According to a recent report, India is facing a major financial deficit of around Rs. 8 crores in the FY 2020-21. This deficit can be seen in social sector funding, in which the country saw annual growth of 12% in total expenditure. The previous expenditure in the social sector was valued at Rs. 10 crores, which has been increased to Rs. 17.5 crore this FY 2020-21. With these figures, it is estimated that if the country wants to achieve United Nations STD goals, it will likely see Rs. 10 lakh deficit for FY 2025-26.
After the outbreak of coronavirus hit the nation, there has been an increase in fiscal deficit and debt burden within the country. The state and central government have been spending 93% of total expenses in the social sector but it can be seen that the government finances will most likely be limited in the near future.

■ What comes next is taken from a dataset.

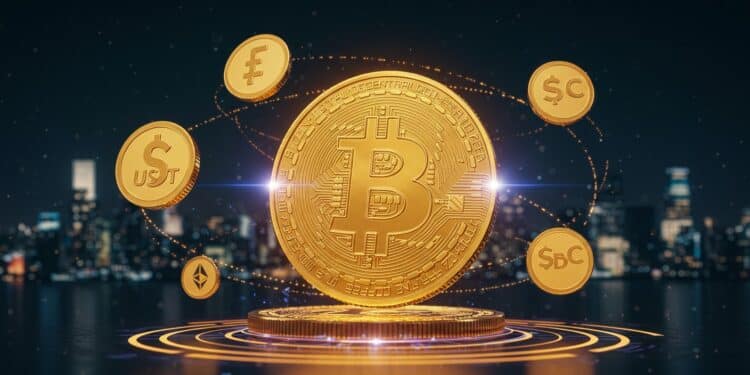 Bitcoin et stablecoins captent 72 du marché crypto Découvrez pourquoi BTC domine et ETH chute en 2025 Analyse et perspectives   Viral Mag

For India’s growth in the future, robust infrastructure development in all segments of the economy is a must. For this, private philanthropy would help bridge the burning gaps between government finances. There is an estimation that the nation will see a rise of nearly 12% in private philanthropic funding in the five years to come. This will include three major segments of philanthropic activities: CSR (Corporate Social Responsibility), family philanthropy, and retail.
Private foreign funding has been declined in recent years because of the imposed regulatory barrier. But corporate trust will turn to grow at 15-20% value annually, whereas the total private funding will most likely contribute at around 2%. The compulsory contribution of 2% of profit, in the name of CSR, has been grown to 15% yearly in six years. It amounted to Rs. 10,000 crore in the year 2014-15 and is now at Rs. 24,000 in the year 2020-21. The percentage of CSR contribution is expected to increase at 19% yearly to Rs. 57,000 crore by the FY 2025-26.